What happened on Sunday night at the Barclays Center has happened far too often to the Nets over the last five seasons:
Stagnant offense. Porous defense. An insurmountable deficit. Vociferous boos.
The difference is, those Nets teams had little talent and no expectations. This team does.
And that's why it must have been so upsetting to owner Mikhail Prokhorov, GM Billy King and coach Avery Johnson -- a trio that has invested so much time, money and energy into putting together a championship-caliber roster that the borough of Brooklyn could be proud of -- as they witnessed an absolute abomination of a first half that saw the Nets shoot 27.7 percent, score a season-low 31 points and trail by 17 to a Milwaukee Bucks team that came in having lost seven of 10.
It only got worse from there.
With 6:39 remaining in the third quarter, Monta Ellis drilled an 11-footer to put the Bucks up 68-39. It was largest margin the Nets have trailed by at home this season.
Sure they ended up getting within six in the final period and showed some fight.
That would've been good enough for those Nets teams, the ones that went a combined 126-268.
Not this team.
"We've got our backs against the wall right now, and we've got to fight our way out of it," Deron Williams said after the Nets (11-8) lost their season-high fourth game in a row, 97-88.
In their previous three games, the Nets allowed an average of 109.3 points on 53.8 percent shooting. On Sunday night, they jumped out to an 11-2 lead with Reggie Evans starting in place of Kris Humphries, but were done-in by a season-high tying 20 turnovers and the fact that Williams and Joe Johnson were outscored 50-24 by Ellis and Brandon Jennings.
D-Will contributed 18 of those 24 points along with eight assists. As for Johnson? Just six.
And check this: Johnson went 0-for-6 before making his first field goal with 10:01 remaining. He was so ineffective that Avery Johnson sat him for the last 9:04 of the third.
"It doesn’t bother me," Joe Johnson said. "I'd never go against his will. If he decides to sit me, then I'll shoot for the next game."
The next game is Round II of the East River Rivalry against the New York Knicks. The Nets took the first round, but they were a different team then, a team that had a healthy and All-Star caliber player in Brook Lopez and a dynamite bench. Meanwhile the Knicks (15-5) are rolling, having won six of their last seven.
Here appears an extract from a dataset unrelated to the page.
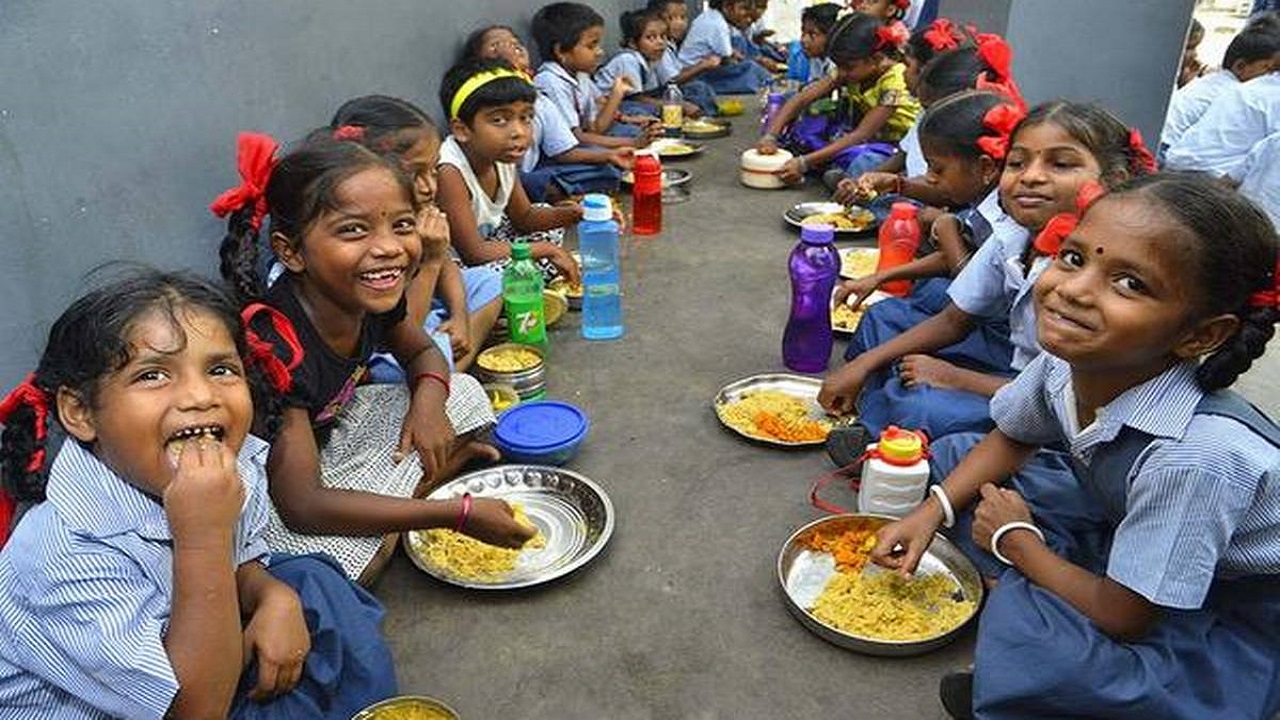Challenges in PM-POSHAN and Government School Enrolment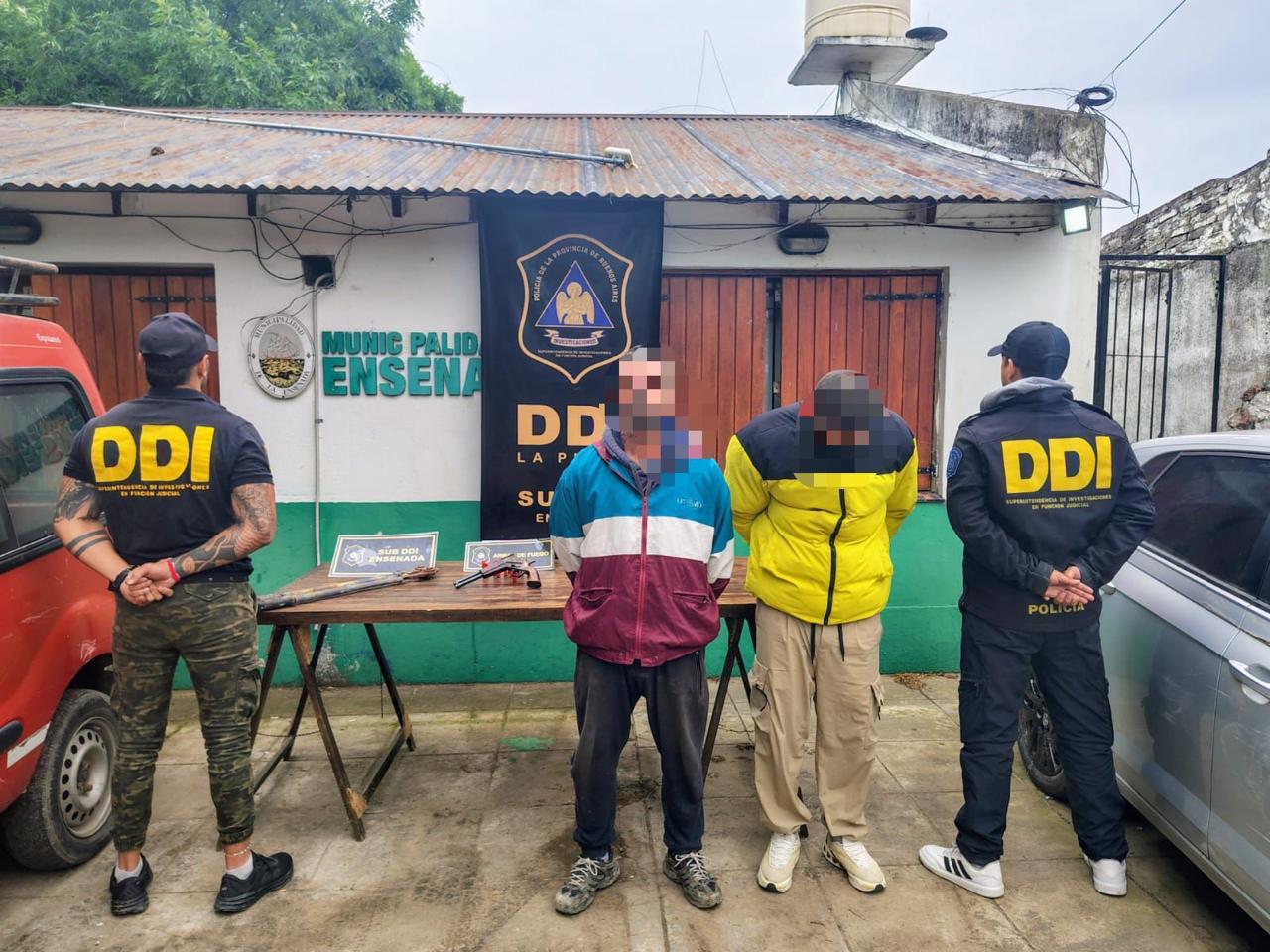 Detuvieron a dos sospechosos de robar cables de alta tensión en el complejo industrial de YPF en Ensenada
"We're struggling right now," Williams said. "They're a team that's playing really good basketball. But we have to be ready to go."
Lopez is likely to miss his sixth consecutive game due a mild right foot sprain. The Nets are 1-4 without their best interior scorer/paint protector in the lineup.
"We definitely want him back, but we don't want to think we can't win without him," D-Will said. "That's never how you should come into a game."
So was Sunday night’s performance unacceptable?
"Yeah, it is. It's unfortunate," Joe Johnson said. "We're in a tough spot right now. We've got to put it behind us."
Yes. And they need to play better. Much better. With or without Brook Lopez.